### [Work instructions]
All entries shown below must be given again word for word.

### [Web page caption snippets]
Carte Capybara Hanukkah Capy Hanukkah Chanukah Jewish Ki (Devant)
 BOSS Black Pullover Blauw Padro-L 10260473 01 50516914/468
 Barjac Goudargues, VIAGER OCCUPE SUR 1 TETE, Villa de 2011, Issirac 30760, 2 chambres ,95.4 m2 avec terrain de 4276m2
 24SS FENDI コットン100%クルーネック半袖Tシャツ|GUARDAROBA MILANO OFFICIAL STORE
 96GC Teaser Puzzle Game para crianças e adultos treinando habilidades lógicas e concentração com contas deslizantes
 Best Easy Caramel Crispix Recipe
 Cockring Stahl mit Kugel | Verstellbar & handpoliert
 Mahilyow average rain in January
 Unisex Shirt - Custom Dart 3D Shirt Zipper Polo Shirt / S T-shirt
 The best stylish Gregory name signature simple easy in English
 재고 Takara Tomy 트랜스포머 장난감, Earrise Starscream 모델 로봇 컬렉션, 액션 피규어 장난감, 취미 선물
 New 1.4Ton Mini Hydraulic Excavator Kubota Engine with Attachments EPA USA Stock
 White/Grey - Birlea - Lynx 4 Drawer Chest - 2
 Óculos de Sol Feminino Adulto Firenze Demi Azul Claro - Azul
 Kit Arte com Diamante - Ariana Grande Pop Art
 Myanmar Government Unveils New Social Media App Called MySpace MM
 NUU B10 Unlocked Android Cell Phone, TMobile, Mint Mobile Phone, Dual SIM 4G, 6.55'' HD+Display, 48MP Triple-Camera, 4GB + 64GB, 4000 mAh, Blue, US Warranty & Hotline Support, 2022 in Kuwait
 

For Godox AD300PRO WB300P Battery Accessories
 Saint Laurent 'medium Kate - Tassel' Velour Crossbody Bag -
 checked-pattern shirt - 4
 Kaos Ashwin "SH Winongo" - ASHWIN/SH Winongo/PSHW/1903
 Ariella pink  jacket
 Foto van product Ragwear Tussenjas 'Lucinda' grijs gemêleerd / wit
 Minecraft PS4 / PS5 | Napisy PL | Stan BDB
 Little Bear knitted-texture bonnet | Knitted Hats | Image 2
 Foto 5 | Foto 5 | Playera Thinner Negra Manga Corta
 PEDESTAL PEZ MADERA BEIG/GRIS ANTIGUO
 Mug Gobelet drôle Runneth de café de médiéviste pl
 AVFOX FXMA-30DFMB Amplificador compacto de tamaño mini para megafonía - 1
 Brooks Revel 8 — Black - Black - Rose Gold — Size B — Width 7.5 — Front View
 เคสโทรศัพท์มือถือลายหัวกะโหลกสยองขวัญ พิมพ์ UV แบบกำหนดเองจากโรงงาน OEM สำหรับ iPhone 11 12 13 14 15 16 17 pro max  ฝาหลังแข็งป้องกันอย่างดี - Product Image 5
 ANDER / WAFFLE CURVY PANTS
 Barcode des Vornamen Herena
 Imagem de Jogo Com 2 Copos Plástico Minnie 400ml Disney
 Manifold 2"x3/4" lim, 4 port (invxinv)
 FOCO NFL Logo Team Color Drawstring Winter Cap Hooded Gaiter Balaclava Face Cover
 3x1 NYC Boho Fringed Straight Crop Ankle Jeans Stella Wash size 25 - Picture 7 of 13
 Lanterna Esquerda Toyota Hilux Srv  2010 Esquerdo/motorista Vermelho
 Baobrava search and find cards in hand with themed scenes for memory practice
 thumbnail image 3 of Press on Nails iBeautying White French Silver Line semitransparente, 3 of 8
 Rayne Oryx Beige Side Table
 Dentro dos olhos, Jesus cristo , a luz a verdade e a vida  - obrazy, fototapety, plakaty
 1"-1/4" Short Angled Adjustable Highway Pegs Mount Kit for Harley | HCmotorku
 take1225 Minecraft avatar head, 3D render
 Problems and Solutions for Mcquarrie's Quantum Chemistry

### [Answer area]
Carte Capybara Hanukkah Capy Hanukkah Chanukah Jewish Ki (Devant)
 BOSS Black Pullover Blauw Padro-L 10260473 01 50516914/468
 Barjac Goudargues, VIAGER OCCUPE SUR 1 TETE, Villa de 2011, Issirac 30760, 2 chambres ,95.4 m2 avec terrain de 4276m2
 24SS FENDI コットン100%クルーネック半袖Tシャツ|GUARDAROBA MILANO OFFICIAL STORE
 96GC Teaser Puzzle Game para crianças e adultos treinando habilidades lógicas e concentração com contas deslizantes
 Best Easy Caramel Crispix Recipe
 Cockring Stahl mit Kugel | Verstellbar & handpoliert
 Mahilyow average rain in January
 Unisex Shirt - Custom Dart 3D Shirt Zipper Polo Shirt / S T-shirt
 The best stylish Gregory name signature simple easy in English
 재고 Takara Tomy 트랜스포머 장난감, Earrise Starscream 모델 로봇 컬렉션, 액션 피규어 장난감, 취미 선물
 New 1.4Ton Mini Hydraulic Excavator Kubota Engine with Attachments EPA USA Stock
 White/Grey - Birlea - Lynx 4 Drawer Chest - 2
 Óculos de Sol Feminino Adulto Firenze Demi Azul Claro - Azul
 Kit Arte com Diamante - Ariana Grande Pop Art
 Myanmar Government Unveils New Social Media App Called MySpace MM
 NUU B10 Unlocked Android Cell Phone, TMobile, Mint Mobile Phone, Dual SIM 4G, 6.55'' HD+Display, 48MP Triple-Camera, 4GB + 64GB, 4000 mAh, Blue, US Warranty & Hotline Support, 2022 in Kuwait
 

For Godox AD300PRO WB300P Battery Accessories
 Saint Laurent 'medium Kate - Tassel' Velour Crossbody Bag -
 checked-pattern shirt - 4
 Kaos Ashwin "SH Winongo" - ASHWIN/SH Winongo/PSHW/1903
 Ariella pink  jacket
 Foto van product Ragwear Tussenjas 'Lucinda' grijs gemêleerd / wit
 Minecraft PS4 / PS5 | Napisy PL | Stan BDB
 Little Bear knitted-texture bonnet | Knitted Hats | Image 2
 Foto 5 | Foto 5 | Playera Thinner Negra Manga Corta
 PEDESTAL PEZ MADERA BEIG/GRIS ANTIGUO
 Mug Gobelet drôle Runneth de café de médiéviste pl
 AVFOX FXMA-30DFMB Amplificador compacto de tamaño mini para megafonía - 1
 Brooks Revel 8 — Black - Black - Rose Gold — Size B — Width 7.5 — Front View
 เคสโทรศัพท์มือถือลายหัวกะโหลกสยองขวัญ พิมพ์ UV แบบกำหนดเองจากโรงงาน OEM สำหรับ iPhone 11 12 13 14 15 16 17 pro max  ฝาหลังแข็งป้องกันอย่างดี - Product Image 5
 ANDER / WAFFLE CURVY PANTS
 Barcode des Vornamen Herena
 Imagem de Jogo Com 2 Copos Plástico Minnie 400ml Disney
 Manifold 2"x3/4" lim, 4 port (invxinv)
 FOCO NFL Logo Team Color Drawstring Winter Cap Hooded Gaiter Balaclava Face Cover
 3x1 NYC Boho Fringed Straight Crop Ankle Jeans Stella Wash size 25 - Picture 7 of 13
 Lanterna Esquerda Toyota Hilux Srv  2010 Esquerdo/motorista Vermelho
 Baobrava search and find cards in hand with themed scenes for memory practice
 thumbnail image 3 of Press on Nails iBeautying White French Silver Line semitransparente, 3 of 8
 Rayne Oryx Beige Side Table
 Dentro dos olhos, Jesus cristo , a luz a verdade e a vida  - obrazy, fototapety, plakaty
 1"-1/4" Short Angled Adjustable Highway Pegs Mount Kit for Harley | HCmotorku
 take1225 Minecraft avatar head, 3D render
 Problems and Solutions for Mcquarrie's Quantum Chemistry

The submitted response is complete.